TASK DETAILS | Return all the entries exactly. No pictures.
GIVEN ENTRIES: Begin
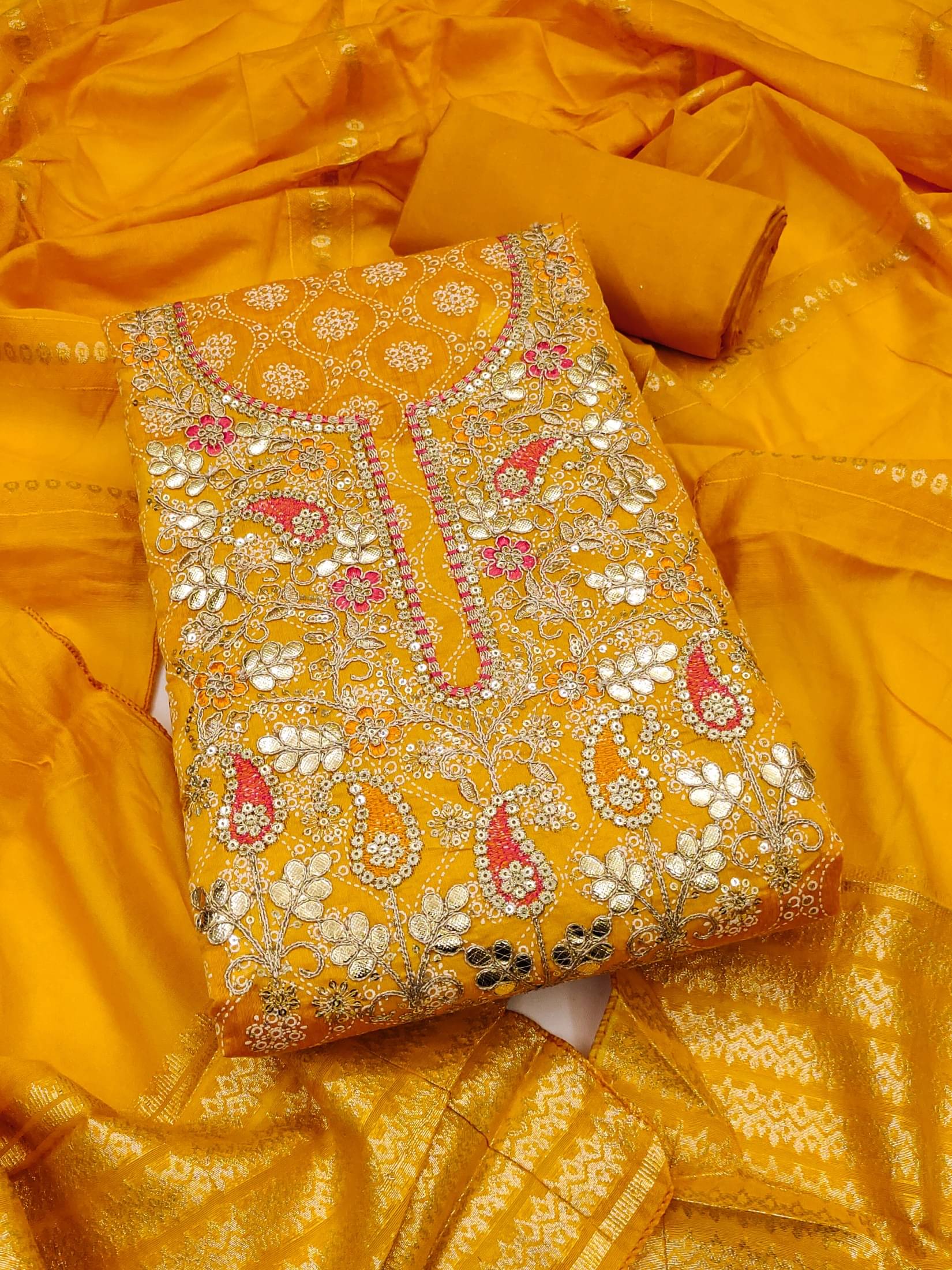PANZORA Women Chanderi Unstitched Dress Material ( Mustard ) PANZORA Women Chanderi Unstitched Dress Material ( Mustard )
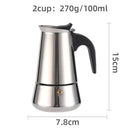Coffee Maker Pot Moka Coffee Maker Stainless Steel 2/4/6/9 Cups Mocha Espresso Latte Stovetop Filter Coffee Pot for Kitchen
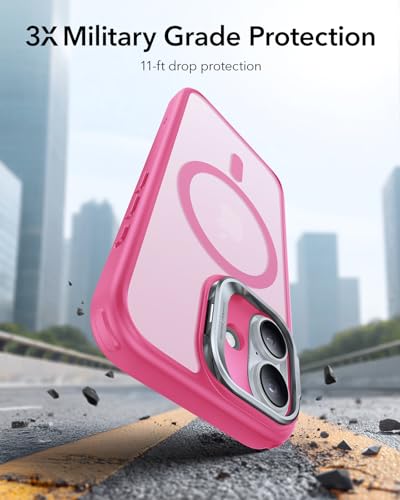Image of ESR for iPhone 17 Case with Stash Stand, Camera Control Cover Compatible with MagSafe, Military-Grade Drop Protection Magnetic Phone Case, Scratch-Resistant Back Cover,Frosted Pink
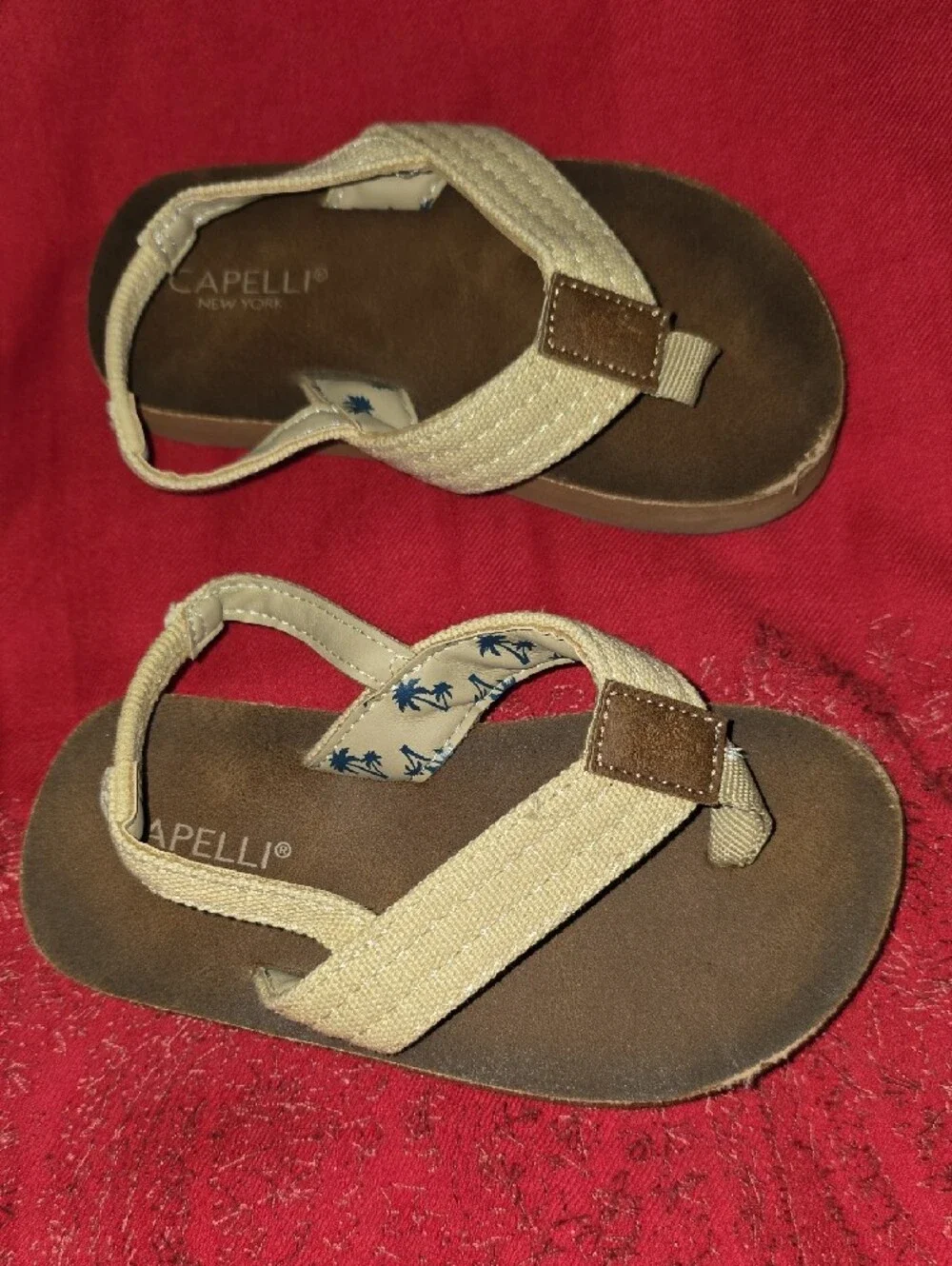 Capelli of New York Kids Beige and Brown Back-Strap Toe-Post Sandals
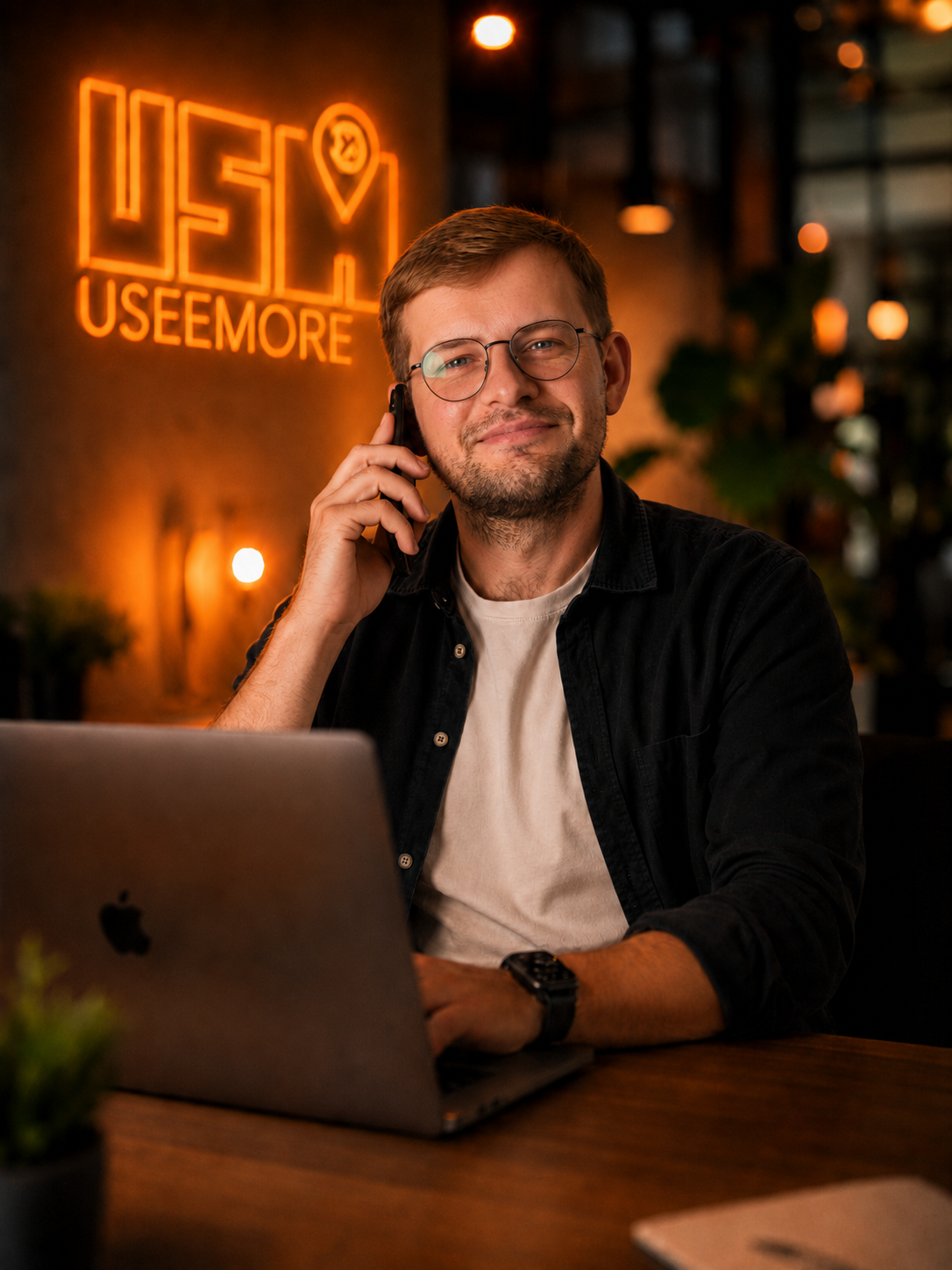 Marek Wroński przy telefonie — Useemore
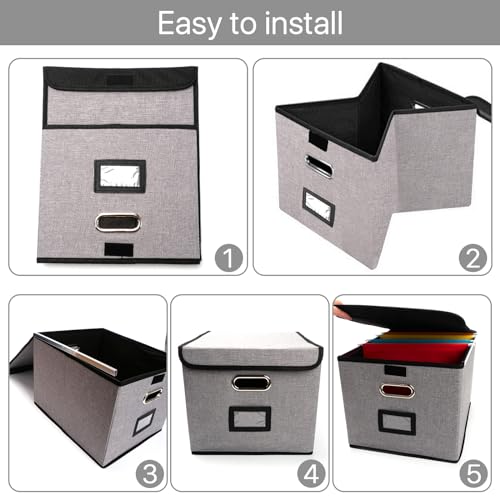 MIZAZBOX Caixa de armazenamento de arquivos, caixa de documentos à prova de poeira com 5 pastas susp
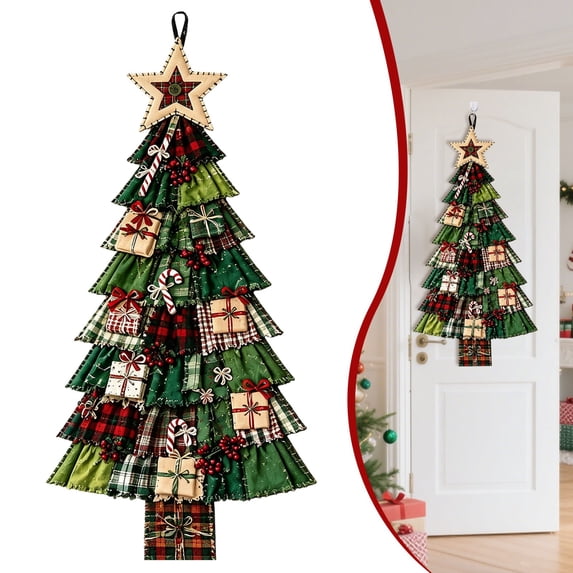 Torqee Oversized DIY Quilted Christmas Tree Kit Beginner-Friendly Christmas Fabric Sewing Craft Set DIY Fabric Craft Patchwork for Front Door and Living Room Decor Gift for Craft Lovers,Style-C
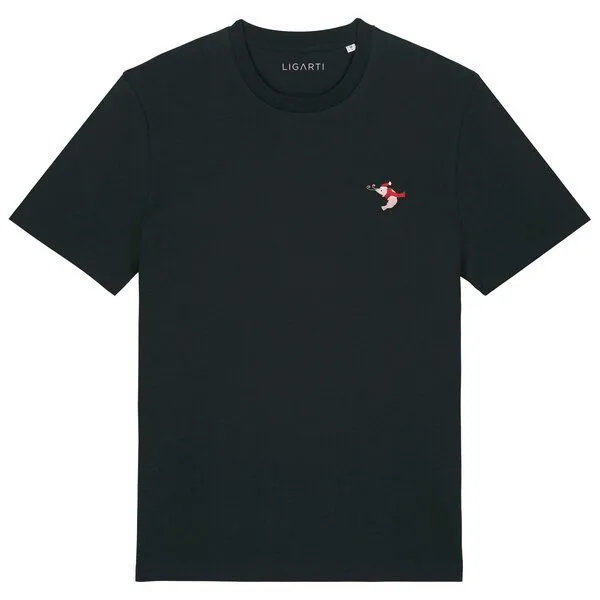 LIGARTI Besticktes T-Shirt – Jean-Luc die Weihnachtsgarnele – LIGARTI Tiermanufaktur, Schwarz, – Produktbild 1 von 2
GIVEN ENTRIES: End
RESULT OF THIS EXERCISE |
PANZORA Women Chanderi Unstitched Dress Material ( Mustard ) PANZORA Women Chanderi Unstitched Dress Material ( Mustard )
Coffee Maker Pot Moka Coffee Maker Stainless Steel 2/4/6/9 Cups Mocha Espresso Latte Stovetop Filter Coffee Pot for Kitchen
Image of ESR for iPhone 17 Case with Stash Stand, Camera Control Cover Compatible with MagSafe, Military-Grade Drop Protection Magnetic Phone Case, Scratch-Resistant Back Cover,Frosted Pink
 Capelli of New York Kids Beige and Brown Back-Strap Toe-Post Sandals
 Marek Wroński przy telefonie — Useemore
 MIZAZBOX Caixa de armazenamento de arquivos, caixa de documentos à prova de poeira com 5 pastas susp
 Torqee Oversized DIY Quilted Christmas Tree Kit Beginner-Friendly Christmas Fabric Sewing Craft Set DIY Fabric Craft Patchwork for Front Door and Living Room Decor Gift for Craft Lovers,Style-C
 LIGARTI Besticktes T-Shirt – Jean-Luc die Weihnachtsgarnele – LIGARTI Tiermanufaktur, Schwarz, – Produktbild 1 von 2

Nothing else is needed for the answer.